InnoDB Tablespace Header Structure

From the tablespace header, we can access the list of segments available in the tablespace. The total space occupied by the tablespace header is given by the macro FSP_HEADER_SIZE, which is equal to 16*7 = 112 bytes.

Reserved Pages of Tablespace

As mentioned earlier, InnoDB will always contain one tablespace called the system tablespace with identifier 0. This is a special tablespace and is always kept open as long as the MySQL server is running. The first few pages of the system tablespace is reserved for internal usage. This information can be obtained from the header storage/innobase/include/fsp0types.h. They are listed below with a short description.

Page Number	The Page Name	Description
0	FSP_XDES_OFFSET	The extent descriptor page.
1	FSP_IBUF_BITMAP_OFFSET	The insert buffer bitmap page.
2	FSP_FIRST_INODE_PAGE_NO	The first inode page number.
3	FSP_IBUF_HEADER_PAGE_NO	Insert buffer header page in system tablespace.
4	FSP_IBUF_TREE_ROOT_PAGE_NO	Insert buffer B-tree root page in system tablespace.
5	FSP_TRX_SYS_PAGE_NO	Transaction system header in system tablespace.
6	FSP_FIRST_RSEG_PAGE_NO	First rollback segment page, in system tablespace.
7	FSP_DICT_HDR_PAGE_NO	Data dictionary header page in system tablespace.

As can be noted from above, the first 3 pages will be there in any tablespace. But the last 5 pages are reserved only in the case of system tablespace. In the case of other tablespaces only 3 pages are reserved.

When the option innodb_file_per_table is enabled, then for each table a separate tablespace with one data file would be created. The source code comment in the function dict_build_table_def_step() states the following:

                /* We create a new single-table tablespace for the table. 
                We initially let it be 4 pages: 
                - page 0 is the fsp header and an extent descriptor page, 
                - page 1 is an ibuf bitmap page, 
                - page 2 is the first inode page, 
                - page 3 will contain the root of the clustered index of the 
                table we create here. */

File Segments

A tablespace can contain many file segments. File segments (or just segments) is a logical entity. Each segment has a segment header (fseg_header_t), which points to the inode (fseg_inode_t) describing the file segment. The file segment header contains the following information:

The space to which the inode belongs
The page_no of the inode
The byte offset of the inode
The length of the file segment header (in bytes).

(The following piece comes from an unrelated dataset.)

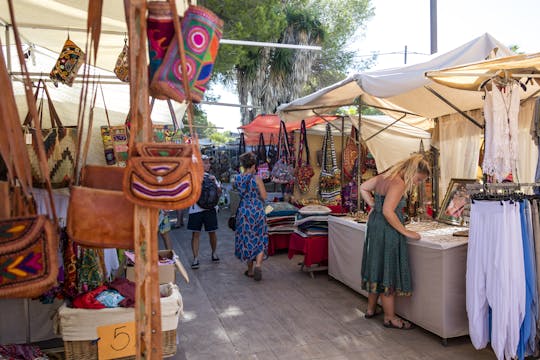 Ibiza Hippiemarkt mit lokalem Tourguide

Note: It would have been really more readable (at source code level) if fseg_header_t and fseg_inode_t had proper C-style structures defined for them.

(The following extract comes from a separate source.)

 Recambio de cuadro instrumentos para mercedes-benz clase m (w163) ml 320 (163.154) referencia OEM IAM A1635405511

The fseg_inode_t object contains the following information:

The segment id to which it belongs.
List of full extents.
List of free extents of this segment.
List of partially full/free extents
Array of individual pages belonging to this segment. The size of this array is half an extent.

When a segment wants to grow, it will get free extents or pages from the tablespace to which it belongs.

Table

In InnoDB, when a table is created, a clustered index (B-tree) is created internally. This B-tree contains two file segments, one for the non-leaf pages and the other for the leaf pages. From the source code documentation:

“In the root node of a B-tree there are two file segment headers. The leaf pages of a tree are allocated from one file segment, to make them consecutive on disk if possible. From the other file segment we allocate pages for the non-leaf levels of the tree.”

For a given table, the root page of a B-tree will be obtained from the data dictionary. So in InnoDB, each table exists within a tablespace, and contains one B-tree (the clustered index), which contains 2 file segments. Each file segment can contain many extents, and each extent contains 1MB of consecutive pages.

Conclusion

This article discussed the details about the data organization within InnoDB. We first looked at the files created by InnoDB, and then discussed about the various logical entities like tablespaces, pages, page types, extents, segments and tables. We also looked at the relationship between each one of them.